Transferring a discussion from the CDM working group here:


@rimma said:

Hi @zwbutt :

Could you please elaborate your concerns about the current proposal? It seems to me that we are on the same page, but I may be wrong.


@Christian_Reich said:

I think you are on the same page. I am the one who is trying to avoid these claim-based or encounter-based approaches.

I was thinking that each exposure of a patient to an organizational unit providing care is a visit. So, those units would be doctor’s offices, wards, clinics, the ER. Hospitals usually are composed of many units, outpatient offices only of one. A hospitalized patient goes through several such units, or not, each representing a visit. They could belong to different hospitals, or the same. And each move from one to the next is a transition. The last transition would be a discharge.


@rimma said:

I thought so.

What you are proposing is a complete re-definition of a visit as it exists in the CDM now and being perceived by everybody not just by the claims. (Just think about calculating your inpatient admissions, handling hospital readmissions, and so on, and so forth) if it is handled in the same way as we are doing AD transfers. This proposal has not been either thought through or discussed at any level, it needs a very thorough consideration.

The ADT transfer proposal on the other hand addresses transfers between visits as they exist now. It’s been discussed at length, vetted by a relatively large group of people, and ready to go, with the change that you suggested today to handle the visit links in the Visit_Occurrence now.

I suggest moving it without further delays and addressing the transition of care separately and carefully.

What do you think?


@zwbutt said:

I agree @Christian_Reich, your definition of “visits” within the generally accepted visit/encounter certainly added a new dimension to the discussion. Rimma my understanding of the original issue and solution presented is the inability of some EHR’s to identify an ER encounter separately from the “true inpatient” part of an inpatient visit that originated from an ER visit. That was certainly true in the past on the clinical side and is still true for the claims data but as I mentioned any ONC Certified EHR that is also doing eCQM’s is forced to implement workflow that assigns two SNOMED Encounter codes, one for the ER and the other for the inpatient and in most cases the eCQM specifications then have logic to link these two into one unit using timing relationships because many measures apply to both visits. So my guess is the newer data would have these two encounter types. What I said initially was that such encounters would be similar to this new “conjoined” visit type, however in response to Patrick’s question regarding how this would play out in the real world I was trying to point out that for this to work the underlying EHR would have to have an ability to differentiate inpatient visits with an ER visit “attached” from inpatient visits without the ER visit in the source data. If however, the initial problem is the EHR’s inability to do this than I am not sure if this solution would really solve that problem. As was mentioned by someone this could be a way to express those visits that have already been identified using the timing logic as ER+inpatient visit but that would be a different use case. Hope that clarifies what I was trying to say. I am happy to discuss this further as this has been one of the biggest headaches in implementing eCQMs.


@Christian_Reich said:

@rimma: Explain:

How do you transfer between visits, if visits are hospitalizations from beginning to end? Patients go either home or to a nursing facility. What’s the transfer here?


@rimma said:

Transfers indicate transition from one health care provider/facility to another. Not all visits have transfers. Some examples of transfers: ED->Inpatient, sometimes Outpatient -> Inpatient is a transfer, Inpatient -> Rehab or other long term facility. In your examples, patient’s encounter with a provider/facility ends at discharge, discharge disposition indicating how/where it ended.

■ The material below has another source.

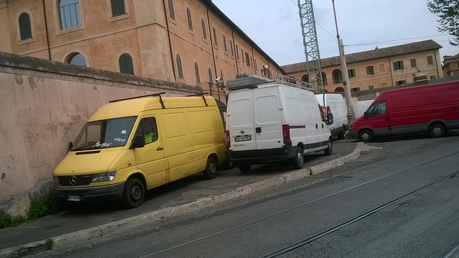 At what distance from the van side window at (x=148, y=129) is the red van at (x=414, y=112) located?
514 inches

We may need to look at the various definitions of encounters and their attributes to solve the entirety of use cases. Here is one of them: https://www.hl7.org/fhir/encounter.html

However, ADT are well defined and widely used, they are basis for analyses and delineations, let’s solve what’s easy first. Is not that what your motto?

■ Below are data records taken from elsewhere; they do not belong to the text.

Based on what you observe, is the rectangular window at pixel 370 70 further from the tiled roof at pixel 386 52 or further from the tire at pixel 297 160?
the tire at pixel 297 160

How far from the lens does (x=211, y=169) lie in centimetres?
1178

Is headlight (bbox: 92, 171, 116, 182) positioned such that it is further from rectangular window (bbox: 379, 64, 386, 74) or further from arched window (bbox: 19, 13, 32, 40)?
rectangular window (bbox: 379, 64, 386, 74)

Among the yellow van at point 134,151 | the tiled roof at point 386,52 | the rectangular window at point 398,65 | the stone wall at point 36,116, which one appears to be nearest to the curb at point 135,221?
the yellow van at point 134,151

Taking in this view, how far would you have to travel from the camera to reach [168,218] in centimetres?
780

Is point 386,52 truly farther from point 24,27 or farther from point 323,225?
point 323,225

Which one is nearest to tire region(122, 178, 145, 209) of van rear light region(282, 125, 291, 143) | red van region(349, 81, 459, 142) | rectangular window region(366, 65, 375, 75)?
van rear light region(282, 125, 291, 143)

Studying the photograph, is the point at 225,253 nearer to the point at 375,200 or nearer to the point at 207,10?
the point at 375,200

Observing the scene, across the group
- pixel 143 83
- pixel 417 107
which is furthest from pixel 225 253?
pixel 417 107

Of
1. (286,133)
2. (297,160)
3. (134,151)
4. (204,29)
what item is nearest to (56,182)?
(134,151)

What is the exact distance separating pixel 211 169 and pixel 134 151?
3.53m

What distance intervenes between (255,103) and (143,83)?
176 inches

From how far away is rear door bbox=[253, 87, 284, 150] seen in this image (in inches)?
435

We have this problem, and we have the similar problem distinguishing subsequent “visits” within the same hospitalization (congregations of healthcare activities provided in hospital departments other than the ERs, I am trying to avoid the claims-term “encounter”). The choices are:

  1. A visit is a set of healthcare provided by the smallest organizational unit we can identify. That is usually a hospital ward or department, with the same set of doctors and nurses, where the patient is usually in the same bed. This is very real to patients.
  2. A visit is a hospitalization as a single hospital stay, which starts with admission to the hospital and ends with discharge from the hospital. Within that hospital visit, you could go through several different wards or departments, with transfers between them.

If we want to be able to understand the effect of different types of departments (e.g. comparing surgical or medical oncology) we need to do option 1. If we want to distinguish patients coming through the ER or not, we need option 1 (even though Zahid had an idea how we could make it work in option 2). I don’t know when you would prefer option 2, but I understand the data are usually easier to get.

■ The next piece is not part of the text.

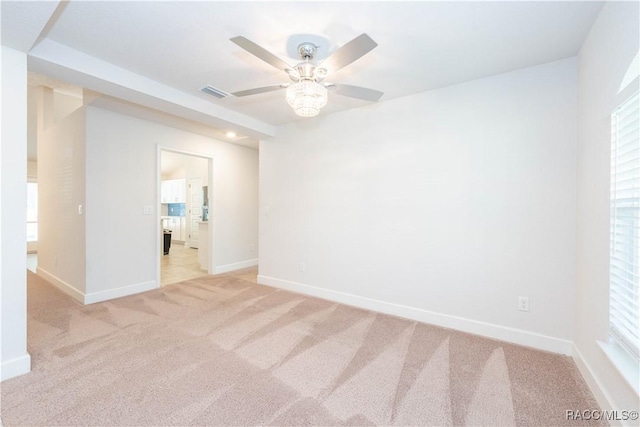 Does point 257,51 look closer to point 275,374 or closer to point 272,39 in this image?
point 272,39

Actually, this document describes exactly the same two choices, except they use “encounter” instead of “visit”, and “practitioner/location” instead of “ward/department”.

What are ADT?

ADT = Admission/Discharge Transfers

A VISIT as it is defined now (from admission to discharge) has a set of attributes and standard descriptors that apply to the entire visit rather than a single unit of care. Some of these are: visit type (e.g. inpatient, outpatient), length of stay, admission source/discharge disposition described by place of service. Hospital re-admissions are determined based on the entire visit. Billing diagnoses are related to the entire visit. For many types of observation (labs, findings, and even procedures), it is often hard to determine unambiguously at which hospital unit they were performed. Visit costs are also associated with the entire visit. Therefore, preserving the unity of a visit as it is currently defined is important.

Another reason for preserving the current visit definition is that extracting the smallest units of granularity of care from every data source may not be possible or practical. This may cause mixing different levels of granularity in the same data.

One solution for addressing the need for greater granularity in the transition of care is to represent these granular units of care, if available, in a separate space (additional table) linked to the Visit_Occurrence. Careful consideration of smaller unit attributes will be required.

I have to agree with @rimma. The visit is defined as from admission to discharge and generally available data is applied to the whole visit. This is certainly applicable to claims data and some EHR data.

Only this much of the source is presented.